─── EXERCISE INPUT ───
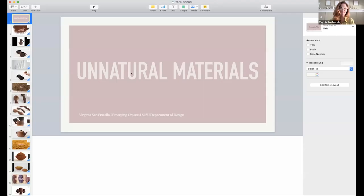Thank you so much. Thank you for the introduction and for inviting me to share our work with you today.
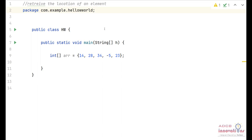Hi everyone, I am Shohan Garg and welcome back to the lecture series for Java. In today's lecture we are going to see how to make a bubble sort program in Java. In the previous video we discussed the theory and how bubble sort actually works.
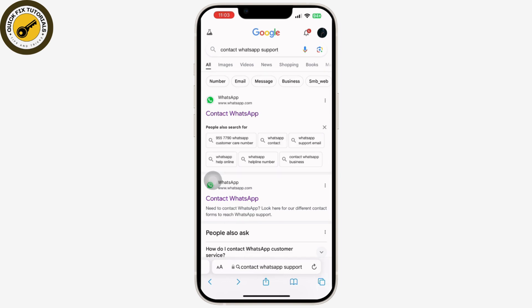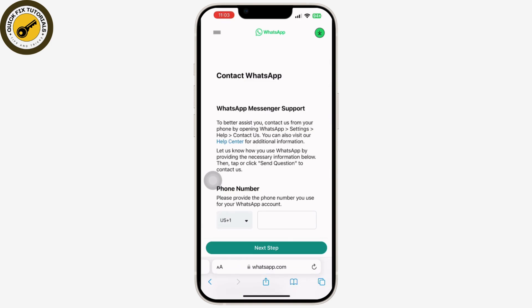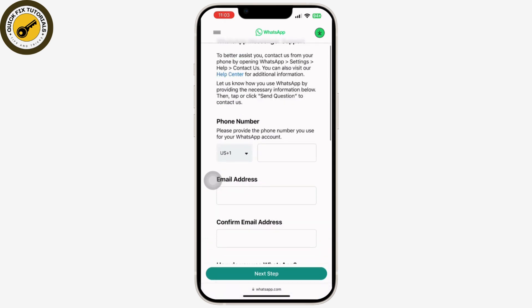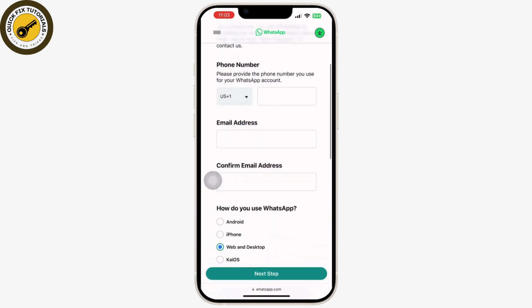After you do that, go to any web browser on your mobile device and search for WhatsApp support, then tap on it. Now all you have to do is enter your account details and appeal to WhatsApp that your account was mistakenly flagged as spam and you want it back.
───
─── EXERCISE INPUT ───
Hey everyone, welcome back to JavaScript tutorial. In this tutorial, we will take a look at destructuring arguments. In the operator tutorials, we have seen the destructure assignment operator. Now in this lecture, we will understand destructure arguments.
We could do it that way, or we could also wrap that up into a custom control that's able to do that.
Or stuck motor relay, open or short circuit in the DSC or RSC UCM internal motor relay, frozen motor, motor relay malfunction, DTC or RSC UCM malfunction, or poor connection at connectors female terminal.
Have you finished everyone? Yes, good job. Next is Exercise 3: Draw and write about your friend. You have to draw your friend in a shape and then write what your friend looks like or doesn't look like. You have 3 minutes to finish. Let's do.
───
─── EXERCISE INPUT ───
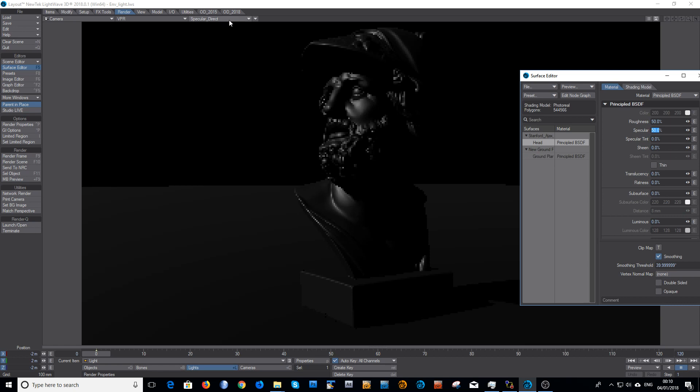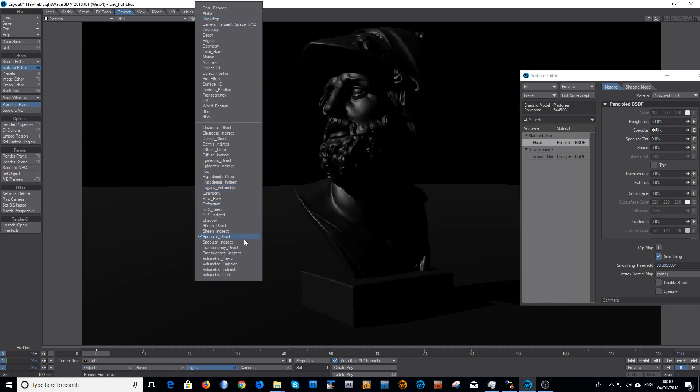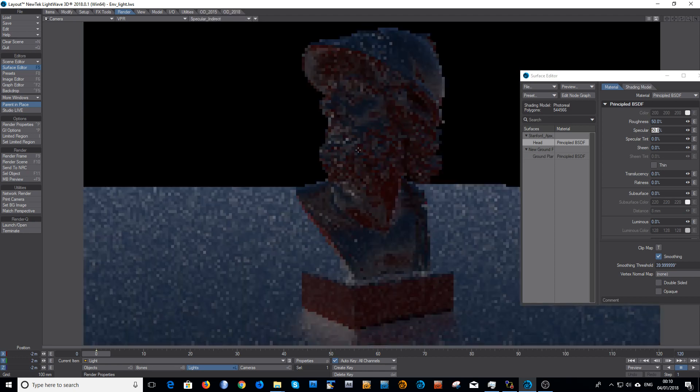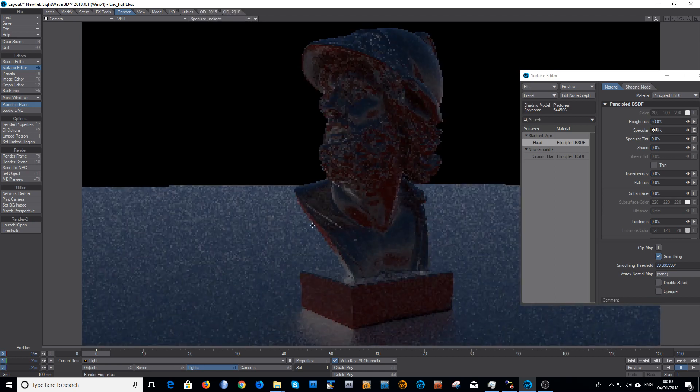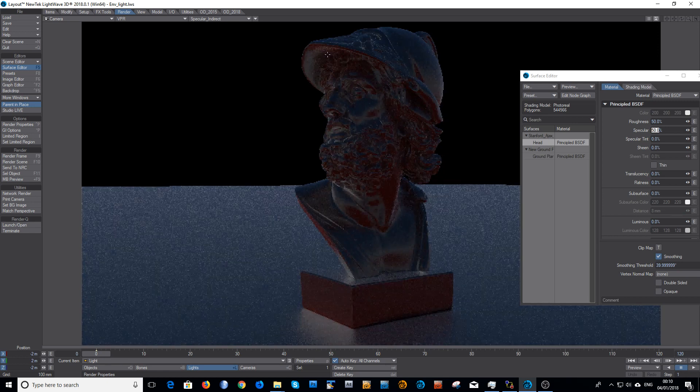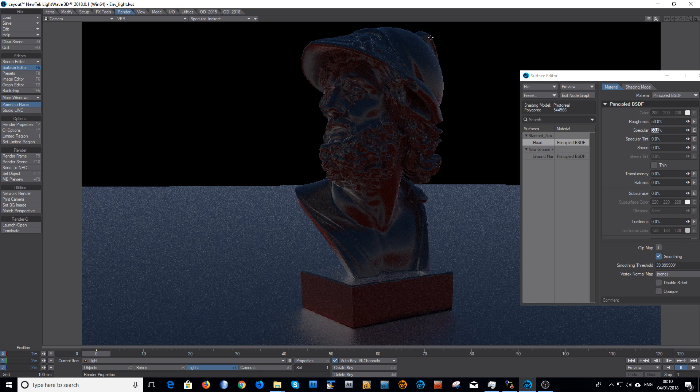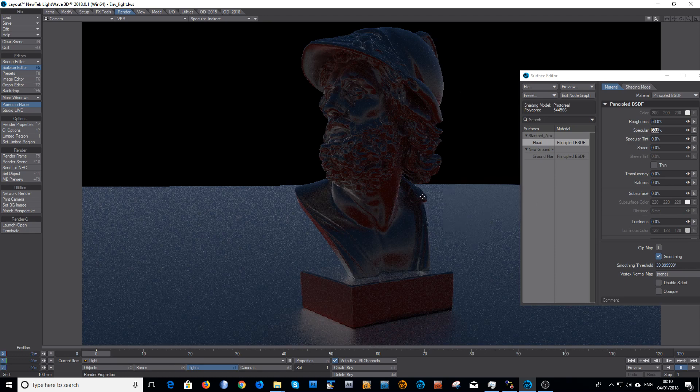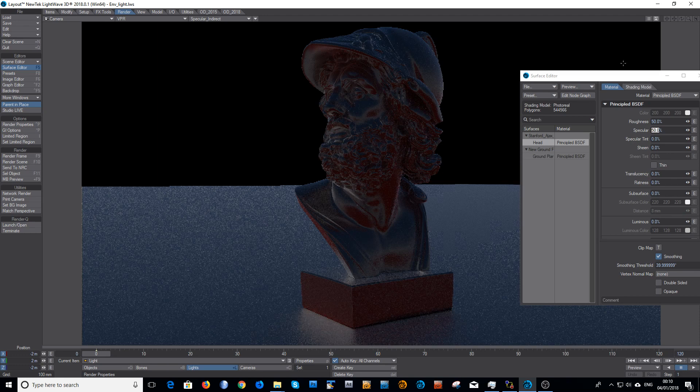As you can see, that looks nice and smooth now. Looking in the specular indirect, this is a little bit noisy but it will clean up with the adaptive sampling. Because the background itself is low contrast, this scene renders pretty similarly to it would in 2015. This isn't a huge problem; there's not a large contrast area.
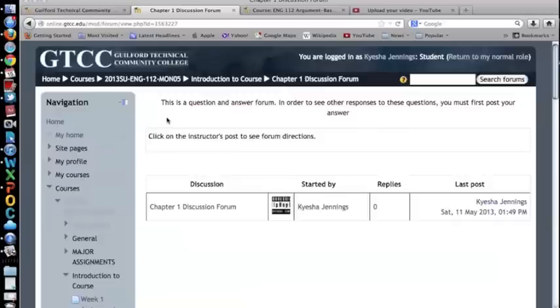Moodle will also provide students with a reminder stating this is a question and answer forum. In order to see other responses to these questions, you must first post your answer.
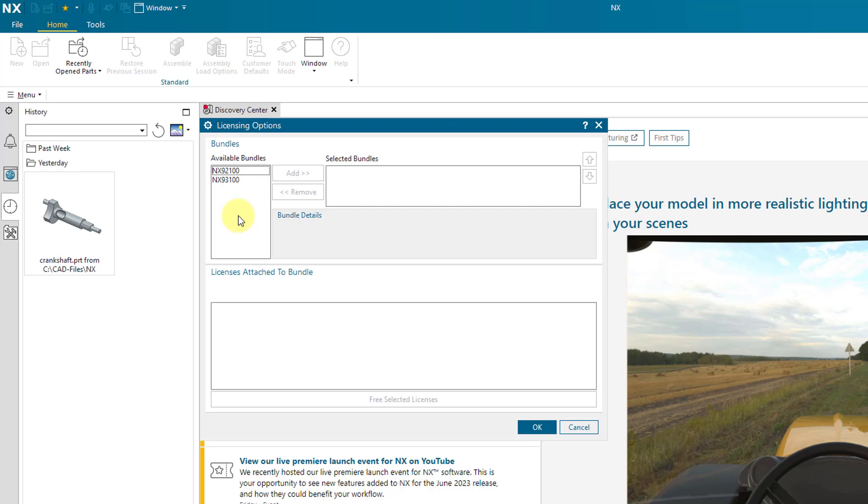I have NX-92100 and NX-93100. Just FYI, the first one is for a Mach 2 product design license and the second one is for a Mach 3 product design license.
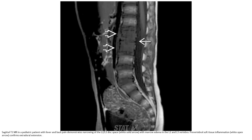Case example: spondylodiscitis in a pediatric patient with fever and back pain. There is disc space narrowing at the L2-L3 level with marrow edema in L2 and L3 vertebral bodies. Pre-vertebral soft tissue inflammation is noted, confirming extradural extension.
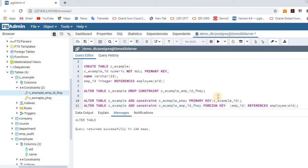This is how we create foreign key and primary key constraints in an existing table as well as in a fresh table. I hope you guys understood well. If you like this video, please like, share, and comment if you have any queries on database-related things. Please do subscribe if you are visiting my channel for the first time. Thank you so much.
───
Print the line above containing "I have NX-92100", the line containing "This is how", and everything between them, exactly as written. Pictures stay out.

* **RESULT FOR THIS TASK**:
I have NX-92100 and NX-93100. Just FYI, the first one is for a Mach 2 product design license and the second one is for a Mach 3 product design license.
Case example: spondylodiscitis in a pediatric patient with fever and back pain. There is disc space narrowing at the L2-L3 level with marrow edema in L2 and L3 vertebral bodies. Pre-vertebral soft tissue inflammation is noted, confirming extradural extension.
This is how we create foreign key and primary key constraints in an existing table as well as in a fresh table. I hope you guys understood well. If you like this video, please like, share, and comment if you have any queries on database-related things. Please do subscribe if you are visiting my channel for the first time. Thank you so much.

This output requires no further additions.